→ PROBLEM REQUIREMENTS: An exact retyping of all lines below is the answer; pictures do not belong in it.

→ EXERCISE INPUT:
* * * * * * *

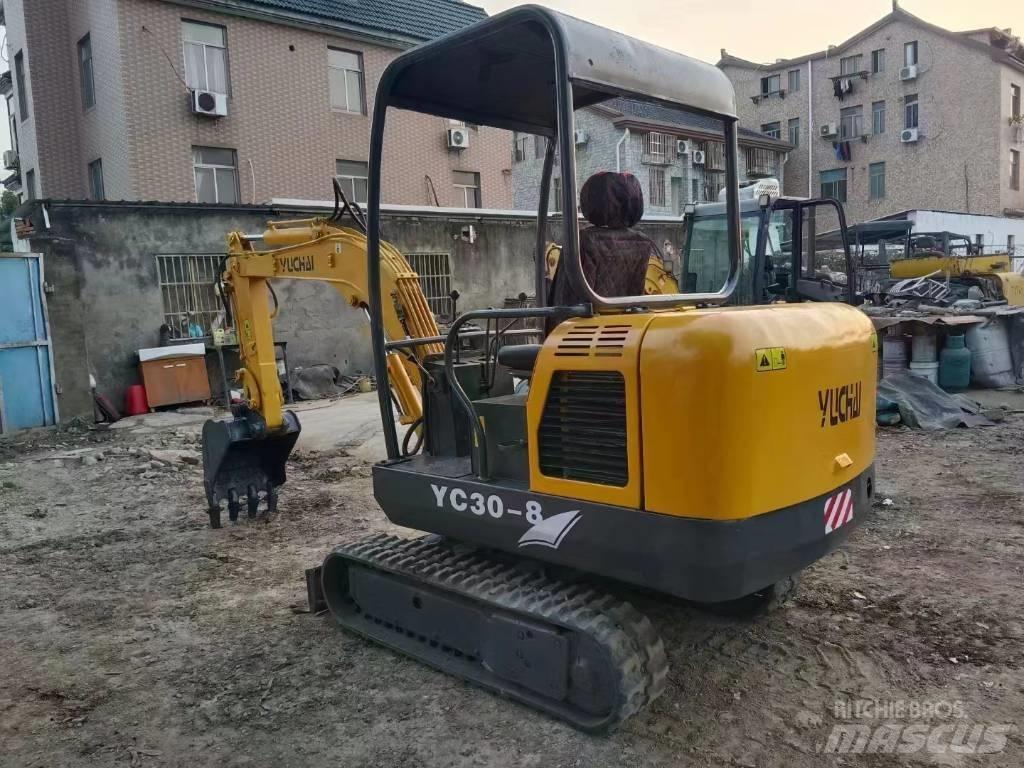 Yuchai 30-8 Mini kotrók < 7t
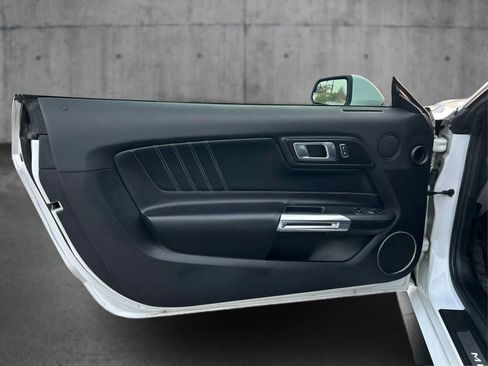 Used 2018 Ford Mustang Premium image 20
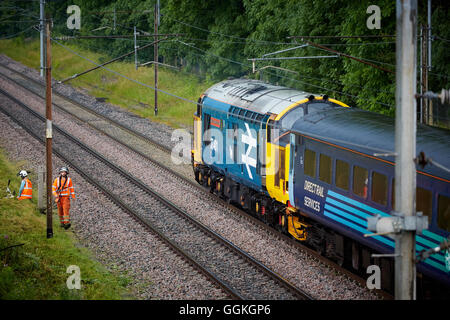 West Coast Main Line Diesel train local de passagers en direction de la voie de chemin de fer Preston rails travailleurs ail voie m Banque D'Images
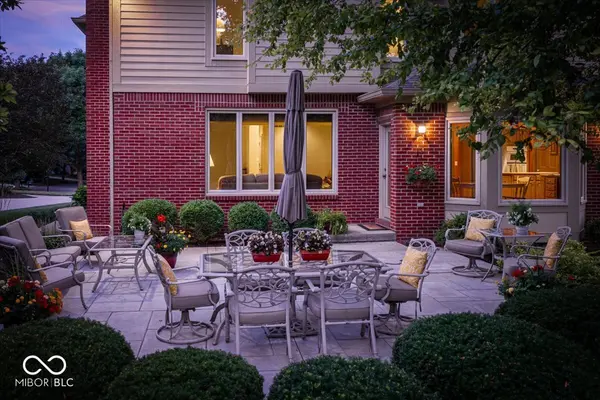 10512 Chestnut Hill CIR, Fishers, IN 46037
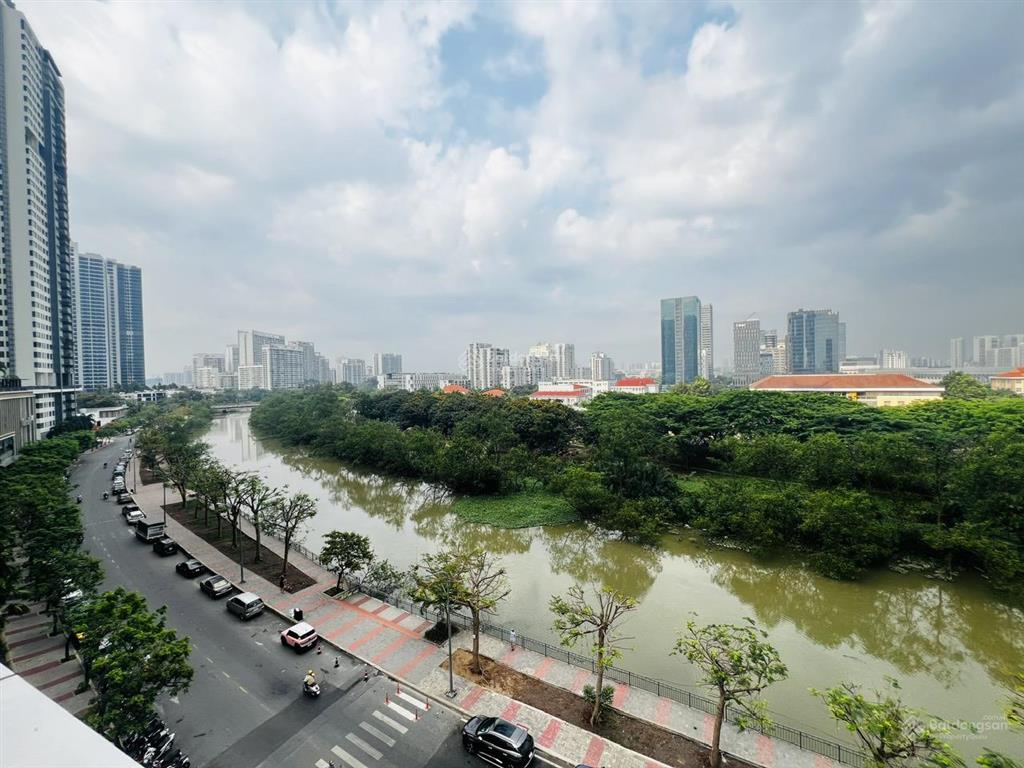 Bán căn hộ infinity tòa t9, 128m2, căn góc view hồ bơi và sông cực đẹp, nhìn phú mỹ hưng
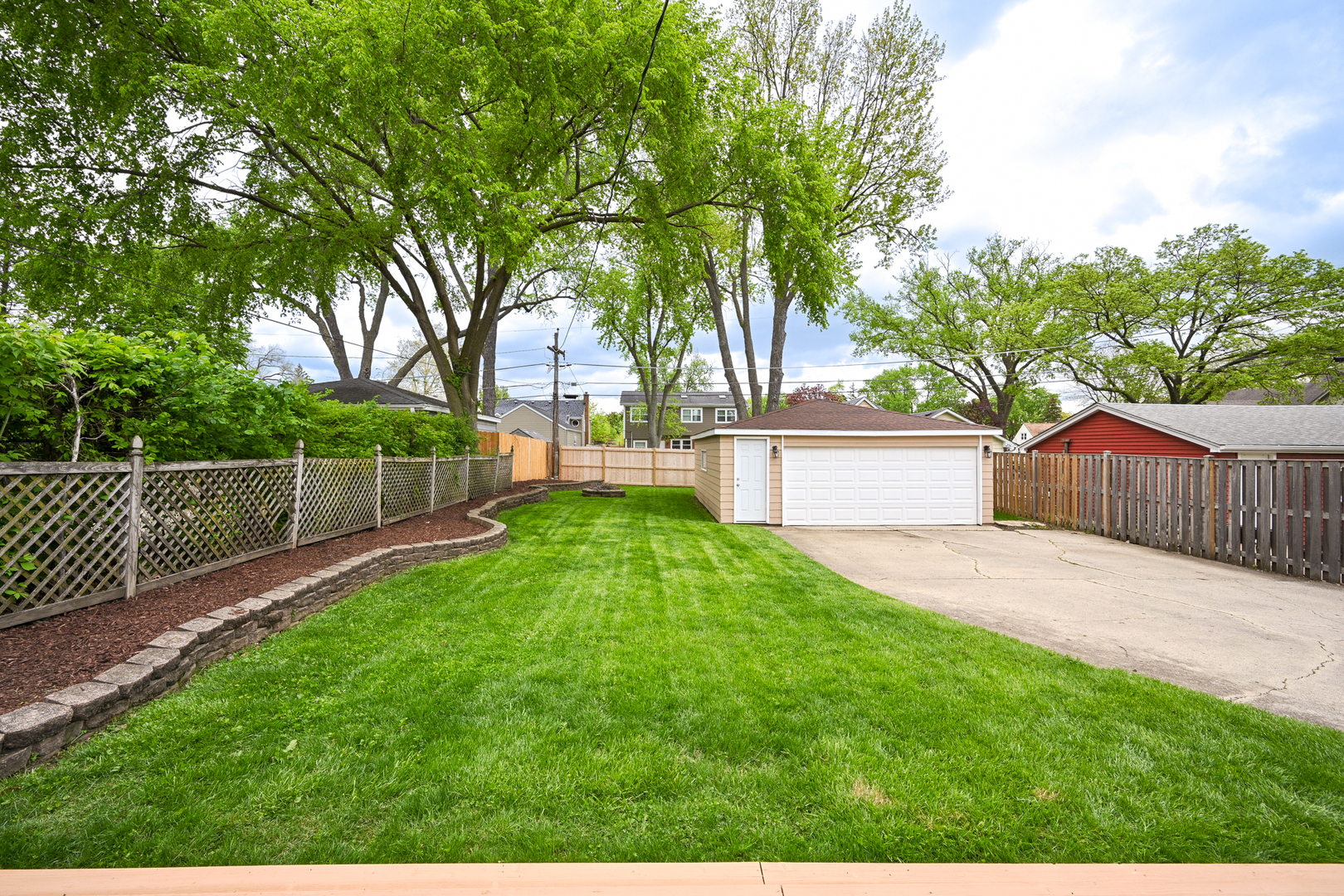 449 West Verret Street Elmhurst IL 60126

* * * * * * *

→ ANSWER BOX:
 Yuchai 30-8 Mini kotrók < 7t
 Used 2018 Ford Mustang Premium image 20
 West Coast Main Line Diesel train local de passagers en direction de la voie de chemin de fer Preston rails travailleurs ail voie m Banque D'Images
 10512 Chestnut Hill CIR, Fishers, IN 46037
 Bán căn hộ infinity tòa t9, 128m2, căn góc view hồ bơi và sông cực đẹp, nhìn phú mỹ hưng
 449 West Verret Street Elmhurst IL 60126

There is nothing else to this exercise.